Oleh: Rudi Andries*
Channel9.id-Jakarta. Berdasarkan dakwaan Jaksa, Jessica yang telah memasukkan sedotan kedalam cangkir kopi Wayan Mirna. Sehingga sedotan dijadikan alat yang misteri untuk mengungkap kepergian Mirna. Kuasa Hukum Jessica berkilah sianida yang ditemukan dalam tubuh Jessica ketika di otopsi adalah akibat proses pembusukan yang jumlahnya tidak mematikan. Namun akhirnya hakim memvonis 20 tahun penjara untuk Jessica.
Kita tidak akan menilai apakah keputusan hakim sudah benar atau tidak. Tapi menarik untuk mencermati tentang hak kebebasan hakim dalam membuat vonis atas dasar keyakinan.
Kasus kematian Mirna yang diduga karena diracun sianida. Benar-benar ajang teknologi dan sains. Apa pasal? Karena yang jadi alat bukti adalah pendapat ahli saja. Sementara Jessica sendiri tidak pernah mengakui perbuatannya. Semua ahli yang dihadirkan jaksa maupun pengacara bukan kaleng-kaleng. Hebat semua. Tentu hebat untuk kepentingan subjektif. Belum lagi publik mulai berasumsi dengan macam macam. Bahkan cerita semakin liar soal hubungan sejenis antara Mirna dan Jessica.
Separuh perjalanan sidang yang digelar berkali-kali, sebenarnya skor untuk Jessica udah diatas angin. Kemungkinan bebas. Apalagi pengacaranya memang bukan orang biasa. Otto Hasibuan dan Hotman Paris Hutapea. Namun pada jadwal sidang mendengarkan keterangan ahli Digital Forensik Puslabfor Mabes Polri, AKBP Muhammad Nuh Al Azhar, saat itu sikap tenang dan diam yang biasa diperlihatkan Jessica tidak nampak lagi.

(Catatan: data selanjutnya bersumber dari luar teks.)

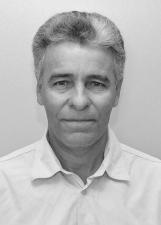 Foto de JOSÉ PERES FERREIRA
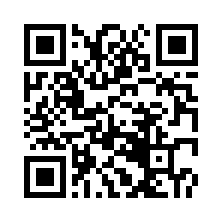 QR Code for 3KKQVtBdr79jHzNC83MckJ7t5EcLBJTAsA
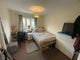 Photo of houseshare in Stevenage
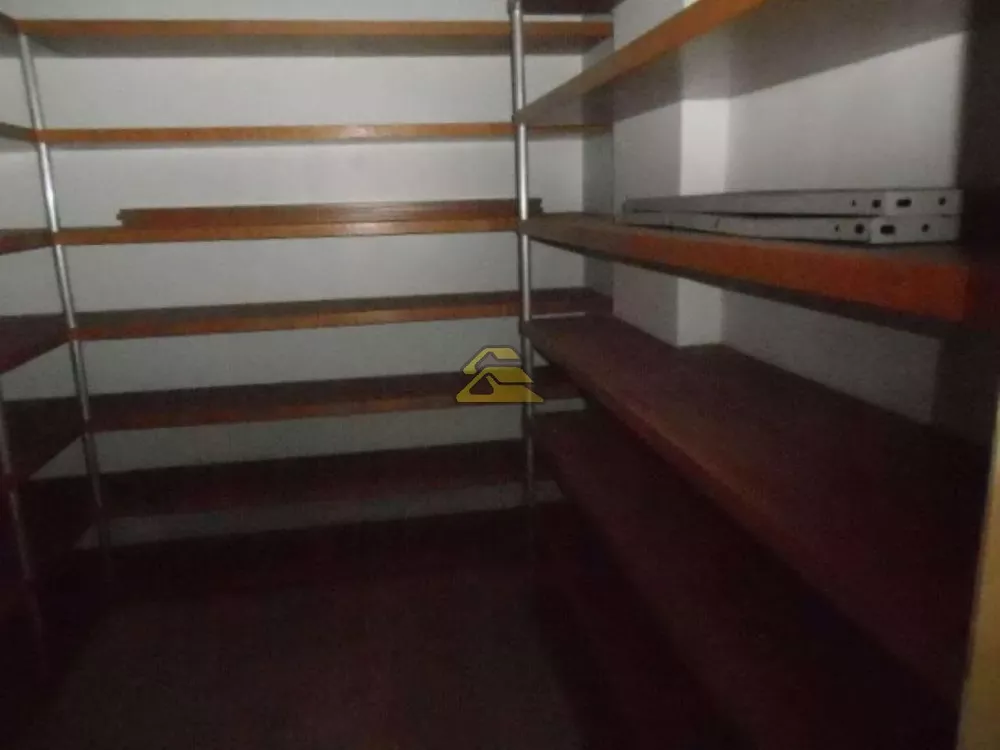 Sala-Conjunto, 597 m² - Foto 14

Jessica yang duduk sebagai pesakitan, terlihat banyak berbicara dengan pengacaranya, Otto Hasibuan. Tangannya pun sibuk membuka halaman berkas yang ada di depannya. Jessica lupa saat itu sikapnya sedang diperhatikan hakim dengan seksama. Benar saja, Jessica mengatakan keberatan dengan keterangan Nuh. “Banyak yang saya keberatan yang mulia,” ujar Jessica saat ditanya Hakim Ketua Kisworo di persidangan. Namun, Jessica enggan merinci poin mana saja yang tidak dapat ia terima. Keberatan ini akan disampaikan dalam persidangan berikutnya. “Akan saya jelaskan pada saat saya diperiksa,” ucap dia singkat.
Nah, dipersidangan berikutnya Jessica jelaskan alasan keberatannya. Jessica sebelumnya selalu mengelak mengerti komputer atau IT. Kalau sekarang dia berpendapat, itu logika saja. Namun Jessica lupa, hakim sedang fokus kepada kebenaran sikap Jessica selama ini. Maka pertanyaan tidak lagi kepada sanggahannya. Hakim memuji kecerdasan Jessica. Saat itulah Jessica terpancing tentang pekerjaannya bidang komputer. Posisinya ketua team. Dia lulusan Billy Blue College of Design Torrens University, Australia.
Atas dasar itulah Hakim berkeyakinan bahwa pendapat ahli yang simpang siur soal alat bukti rekaman CCTV, itu bagian dari rencana Jessica sendiri. Untuk mengaburkan bukti perbuatannya. Berdasarkan bukti selama 32 kali persidangan, hakim merangkai itu semua sebagai sebuah keputusan memvonis Jessica dengan hukuman 20 tahun. Andaikan Jessica tidak menyanggah soal digital forensik mungkin ending drama pengadilan akan lain.
Kematian Brigadir J, tidak beda. TKP sudah rusak atau tidak lengkap lagi. Semua saksi yang ada di TKP tidak ada yang mengaku melihat aksi tembak menembak itu kecuali pelaku. Sementara pelaku hanya dipersangkakan pasal 338 juncto Pasal 55 dan 56 KUHP bukan sebagai pelaku utama, diduga ada doenpleger dan dader, atau ada pleger dan medepleger. Kalau CCTV di rumah tidak ditemukan. Maka kalau nanti sidang terhadap pelaku utama atau (kalau ada) di pengadilan akan ada perang teori ahli forensik antara kubu terdakwa (pengacara) dan kubu jaksa. Ini pasti seru.
Semua tergantung kepada keyakinan Hakim. Itulah sistem hukum kita. Mari sabar menanti proses penyidikan yang berlangsung, Kapolri pasti profesional.